Thank's for this piece of work. I'm keen to add my 5 cents.

Let me first clear a mix up which is very common. A primary radar contact is the depicted return of a target illuminated by a primary radar system, while the secondary radar return is the depiction on the radar scope of the digital information provided by the IFF system to a secondary radar system. Civil ATC is basically using only secondary radar information, while the military still uses both systems. The reason is obvious, secondary radar informations depends on the aircraft answering the identification request by secondary radars, the signal can be recorded by EW equipment . And if there is no own aircraft in the respective area , it must be hostile irrespective wether the IFF code itself can be identified or not.

That is the neat thing of a functioning IADS, where all gathered information in a designated airspace is identified, tracked and communicated with secure link to all ground and airborne assets.

A primary radar return can be identified and tracked by such a system by many means, all safe and without the use of IFF. Once a flight is planned the IADS system has to get the info about the point of departure, estimated time of departure, number of aircraft and the planned mission / target area. Based on the air and ground situation this flight gets assigned a safe deconflicted vector and altitude which have to be followed.

Upon takeoff the control tower forwards the information to IADS and the aircraft can be identified upon departure by primary radar alone.

My point is, IFF is useless and dangerous to use if unfriendly things are around you which strive to find and identify and finally shoot at you.
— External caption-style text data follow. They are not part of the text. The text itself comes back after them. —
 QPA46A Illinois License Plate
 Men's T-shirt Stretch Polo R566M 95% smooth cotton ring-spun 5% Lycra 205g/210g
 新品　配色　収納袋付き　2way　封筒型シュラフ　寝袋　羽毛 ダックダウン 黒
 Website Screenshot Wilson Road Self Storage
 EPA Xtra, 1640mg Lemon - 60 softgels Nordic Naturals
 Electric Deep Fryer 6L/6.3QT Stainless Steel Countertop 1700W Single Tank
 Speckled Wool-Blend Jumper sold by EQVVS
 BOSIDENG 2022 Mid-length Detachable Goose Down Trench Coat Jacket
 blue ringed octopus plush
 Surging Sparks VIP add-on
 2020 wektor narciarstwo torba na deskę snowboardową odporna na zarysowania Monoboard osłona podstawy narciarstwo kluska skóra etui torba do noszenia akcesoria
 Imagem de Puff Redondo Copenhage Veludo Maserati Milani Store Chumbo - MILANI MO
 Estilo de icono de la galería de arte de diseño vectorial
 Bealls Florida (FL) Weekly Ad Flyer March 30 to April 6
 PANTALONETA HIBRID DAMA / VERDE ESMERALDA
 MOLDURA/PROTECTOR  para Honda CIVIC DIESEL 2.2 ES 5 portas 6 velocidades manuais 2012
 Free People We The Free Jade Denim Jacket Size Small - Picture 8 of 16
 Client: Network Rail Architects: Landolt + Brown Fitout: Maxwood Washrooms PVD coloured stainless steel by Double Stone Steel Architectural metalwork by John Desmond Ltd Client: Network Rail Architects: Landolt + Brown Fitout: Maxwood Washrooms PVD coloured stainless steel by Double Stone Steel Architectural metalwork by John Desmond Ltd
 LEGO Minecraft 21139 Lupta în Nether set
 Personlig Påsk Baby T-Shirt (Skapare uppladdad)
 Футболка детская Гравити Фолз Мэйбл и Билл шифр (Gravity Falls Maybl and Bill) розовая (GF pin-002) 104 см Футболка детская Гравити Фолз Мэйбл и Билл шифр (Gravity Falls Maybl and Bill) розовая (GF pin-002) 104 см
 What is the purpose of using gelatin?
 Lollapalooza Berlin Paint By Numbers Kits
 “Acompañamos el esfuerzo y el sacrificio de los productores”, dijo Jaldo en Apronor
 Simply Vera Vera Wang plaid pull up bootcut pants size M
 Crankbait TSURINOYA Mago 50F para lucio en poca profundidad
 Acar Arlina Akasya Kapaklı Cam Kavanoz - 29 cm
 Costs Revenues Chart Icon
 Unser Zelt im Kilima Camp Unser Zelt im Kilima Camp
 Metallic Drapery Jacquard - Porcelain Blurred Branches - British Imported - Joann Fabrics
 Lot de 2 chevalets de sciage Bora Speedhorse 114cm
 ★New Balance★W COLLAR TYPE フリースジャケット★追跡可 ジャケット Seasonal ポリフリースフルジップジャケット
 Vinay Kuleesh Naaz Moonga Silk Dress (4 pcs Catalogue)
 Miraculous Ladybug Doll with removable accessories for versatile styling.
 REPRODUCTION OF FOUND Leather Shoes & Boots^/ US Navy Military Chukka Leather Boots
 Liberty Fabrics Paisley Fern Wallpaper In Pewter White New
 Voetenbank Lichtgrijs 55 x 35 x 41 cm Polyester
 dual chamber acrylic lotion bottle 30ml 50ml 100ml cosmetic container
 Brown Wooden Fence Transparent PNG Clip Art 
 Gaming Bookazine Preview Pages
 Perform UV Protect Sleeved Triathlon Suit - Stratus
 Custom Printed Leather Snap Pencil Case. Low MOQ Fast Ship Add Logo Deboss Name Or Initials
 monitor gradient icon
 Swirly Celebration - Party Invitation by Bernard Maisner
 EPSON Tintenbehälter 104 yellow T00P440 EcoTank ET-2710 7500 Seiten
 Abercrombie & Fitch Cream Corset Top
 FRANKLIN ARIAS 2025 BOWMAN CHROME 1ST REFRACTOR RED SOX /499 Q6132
For me in my humble opinion the unknown black box is the capacity and ability of the IADS system, in a saturated situation the ability to identify and keep track of many targets may lead to disaster. Would I switch on my IFF in such a situation? No, as long as the bad guys are ready to squeeze the trigger. Especially over own ground a pilot has to rely on the system, that he is positive identified as friendly until somebody tells him otherwise by a call like "contact lost", and thus his radar return would be marked as " unknown". The controller would initiate an identification process, which could be a simple command to maneuver the aircraft to an new assigned heading/ altitude or as last resort to use the IFF.

Back to the case in hand, no General gets fired when a pilot or an operator of a Patriot makes a silly though deadly and expensive mistake, but he needs to get fired when the failure is to be found in the system and its setup. Neither the pilot nor the operator of an air defence system operates on their own, except in a kind of self defence mode when under direct attack. Both should have had a clear picture of friend and foe. The pilot had to rely on the system, that he was identified as friendly. He is not outside there flying alone and searching for targets and engaging them on own will, especially above own territory with many different air defence systems engaging as well he will be under close control of a ground or air based control station which assigns the targets and clear him to engage. He could have done nothing to avoid getting shot down by one of the most capable own missiles.

Same goes for the operator of a patriot system, it will not operate in autonomous mode and shoot at will at unidentified aircraft, except if under attack for self defence. If it is true that the F16 was hunting shaheds, the situation gets even more weird. Shooting with patriots on shaheds is hopefully not happening, waste of money and resources.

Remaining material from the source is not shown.